**Problem to solve:** When you write out the listing, keep every word as it stands and drop the pictures.
━━━━━━━━━━━━━━━━━━━━
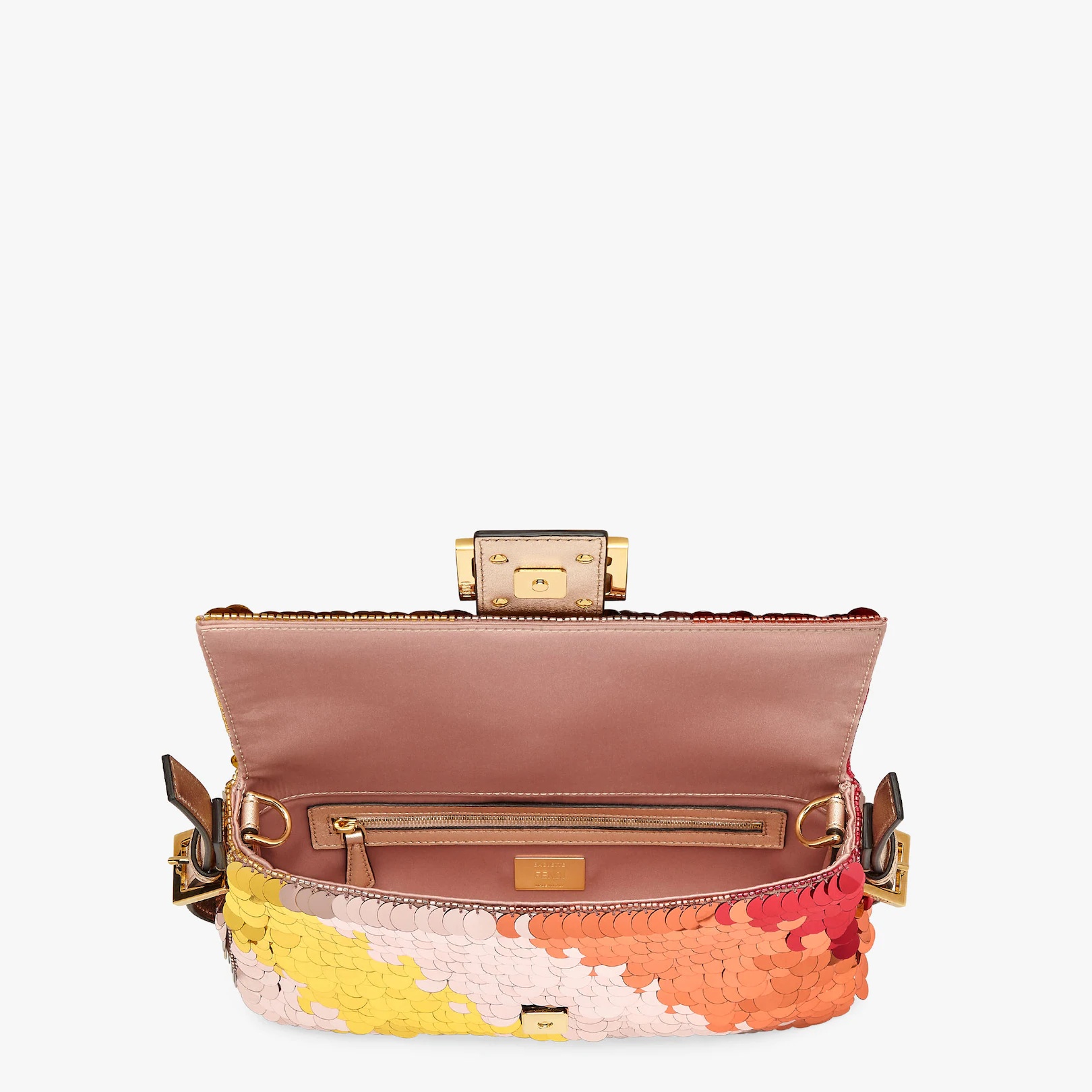 Copper-colored leather and sequinned bag - 4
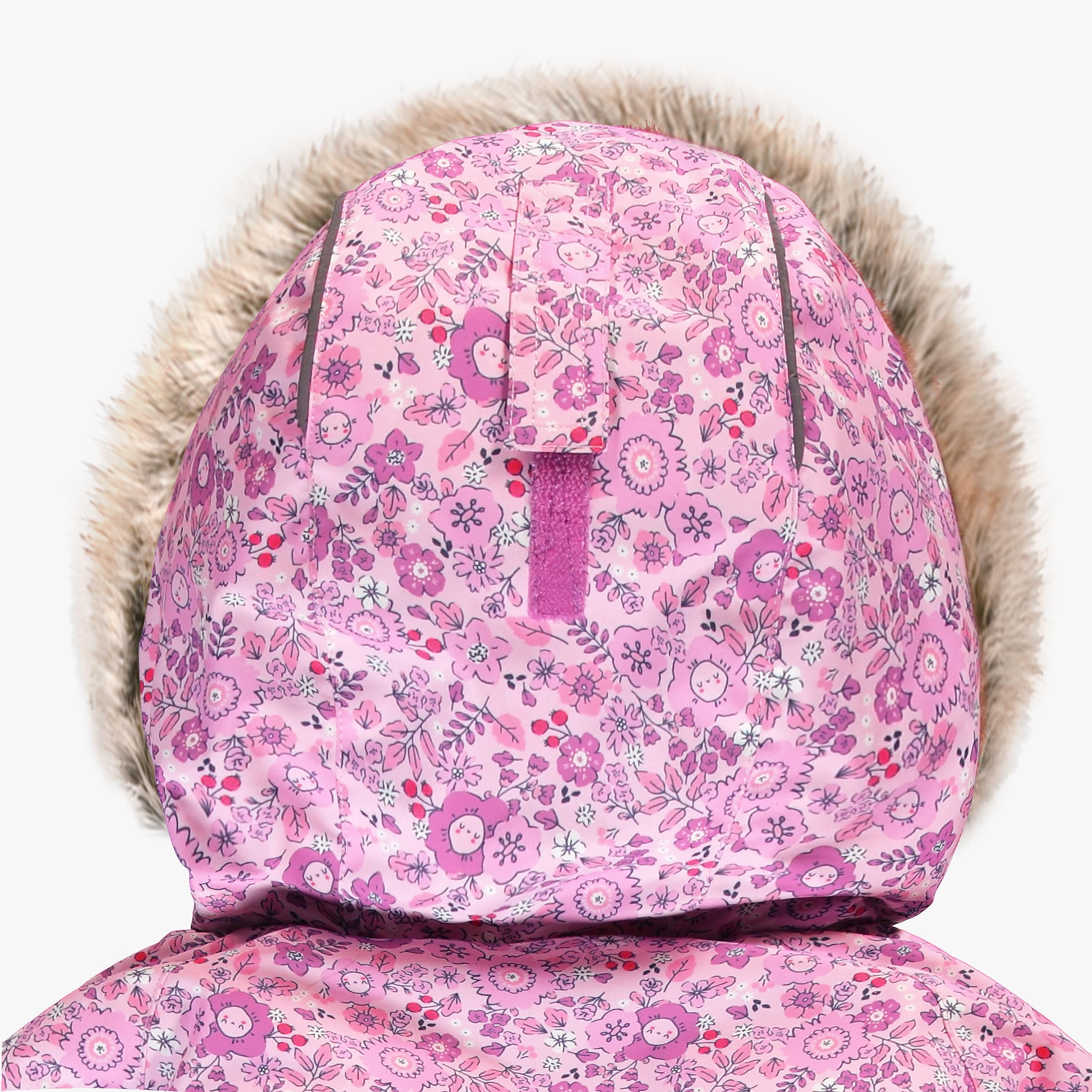 Pink floral print one-piece snowsuit , child
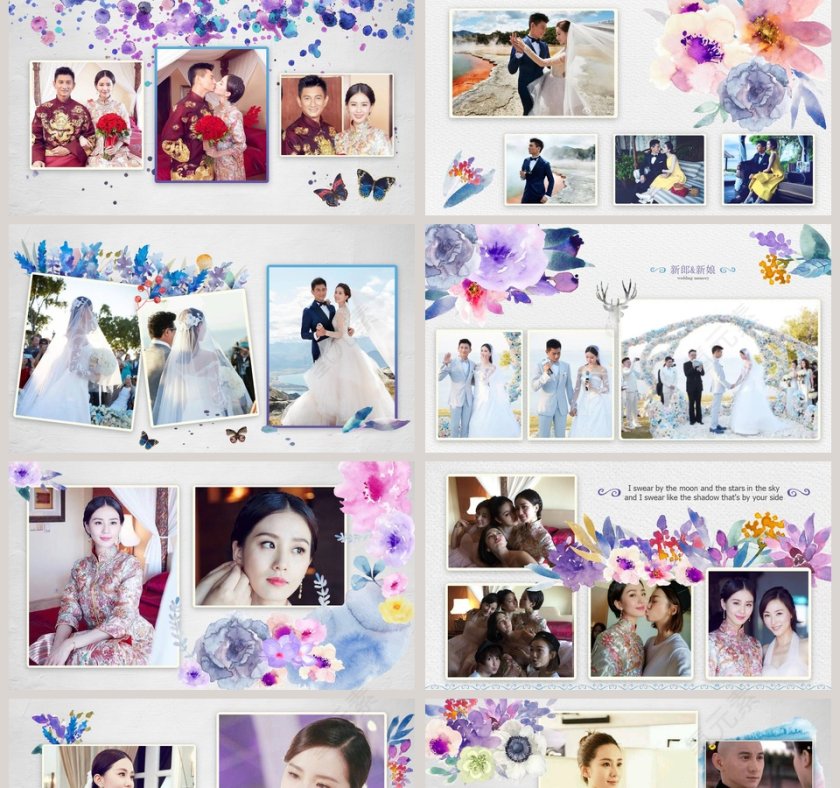 小清新简约风格浪漫婚礼PPT模板第2张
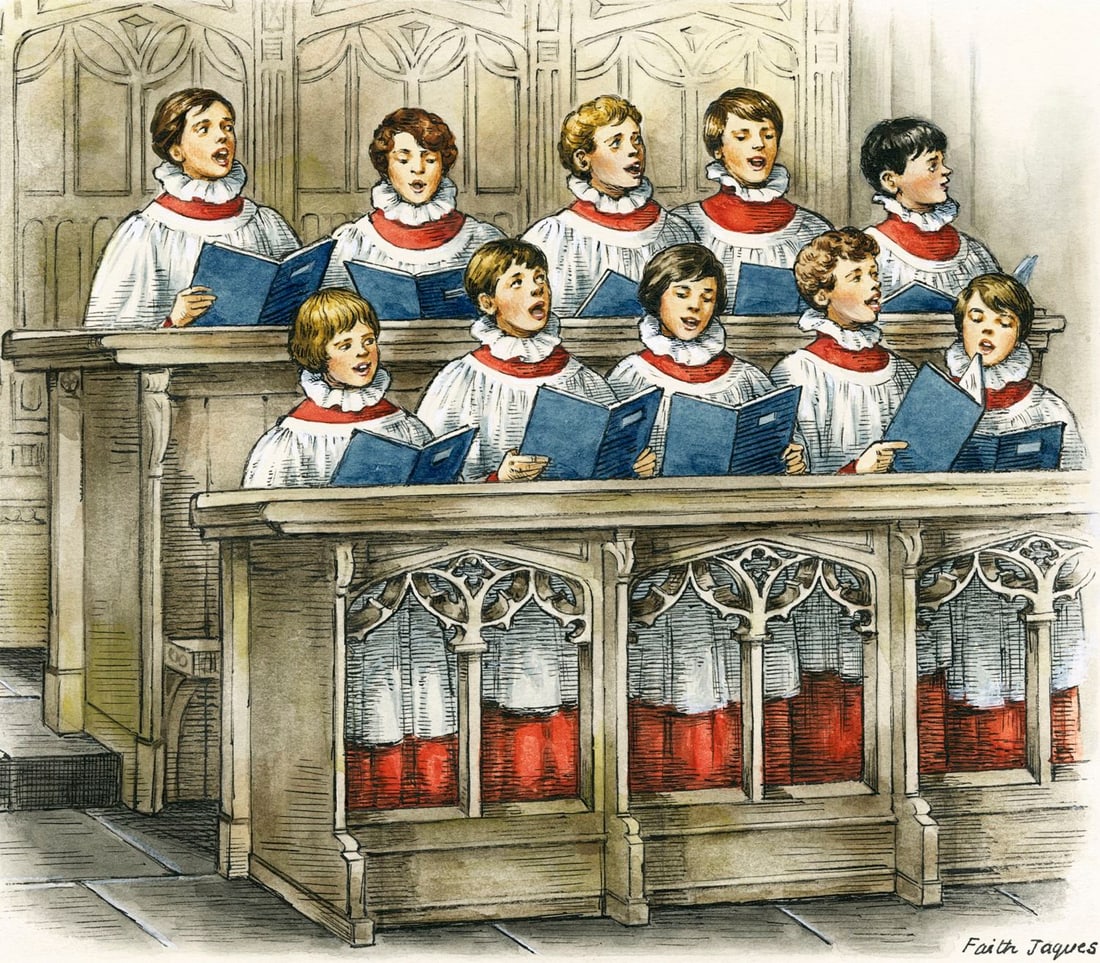 Faith Jaques (UK,1923-1997) watercolor painting: ARTIST: Faith Heather Jaques (United Kingdom, 1923 - 1997) TITLE: Church Choir YEAR: 1978 MEDIUM: watercolor on board CONDITION: Very good.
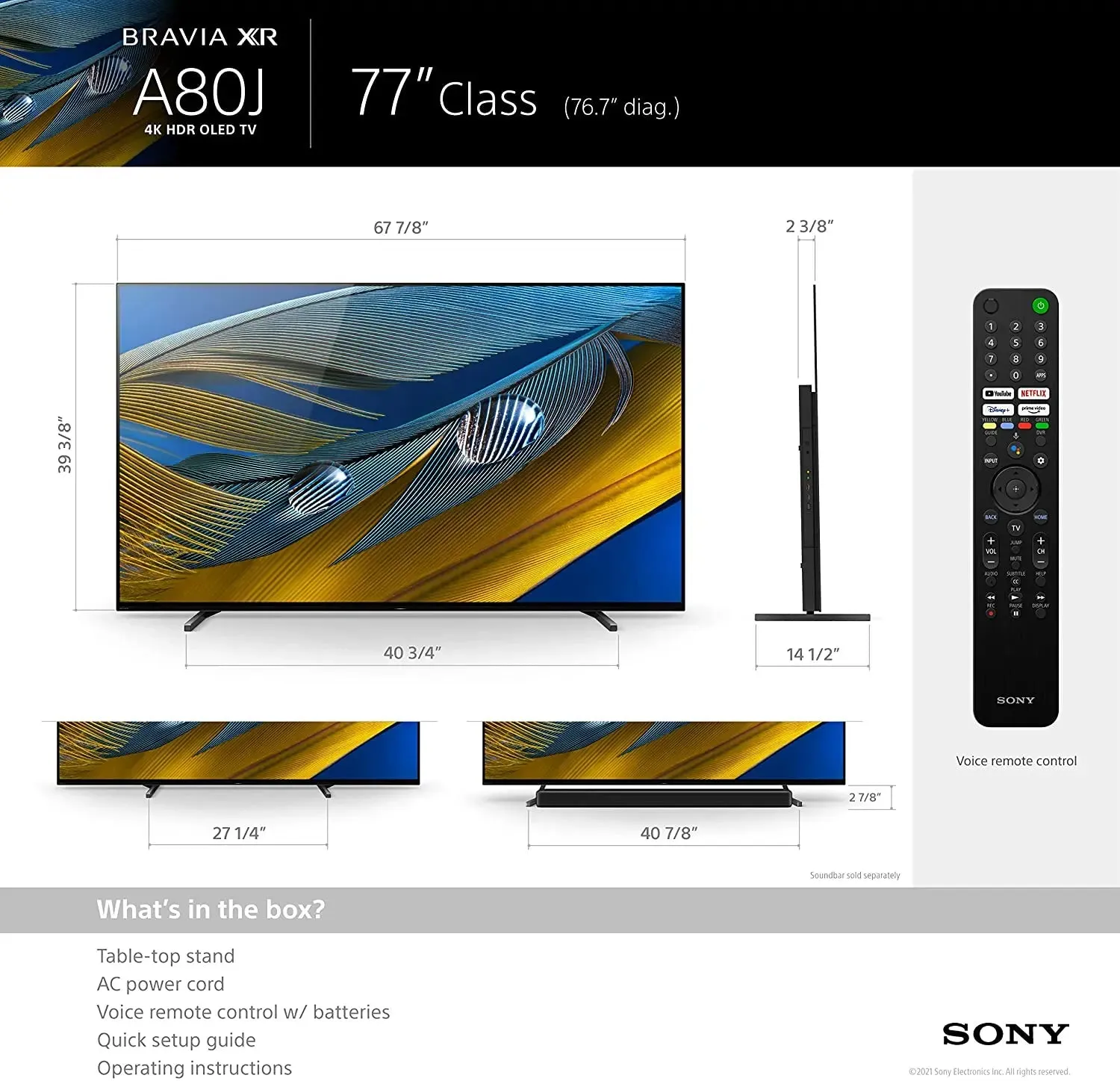 Certified Refurbished - Sony XR77A80J 77" Class BRAVIA XR OLED 4K Ultra HD Smart Google TV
━━━━━━━━━━━━━━━━━━━━
**Answer box:**
 Copper-colored leather and sequinned bag - 4
 Pink floral print one-piece snowsuit , child
 小清新简约风格浪漫婚礼PPT模板第2张
 Faith Jaques (UK,1923-1997) watercolor painting: ARTIST: Faith Heather Jaques (United Kingdom, 1923 - 1997) TITLE: Church Choir YEAR: 1978 MEDIUM: watercolor on board CONDITION: Very good.
 Certified Refurbished - Sony XR77A80J 77" Class BRAVIA XR OLED 4K Ultra HD Smart Google TV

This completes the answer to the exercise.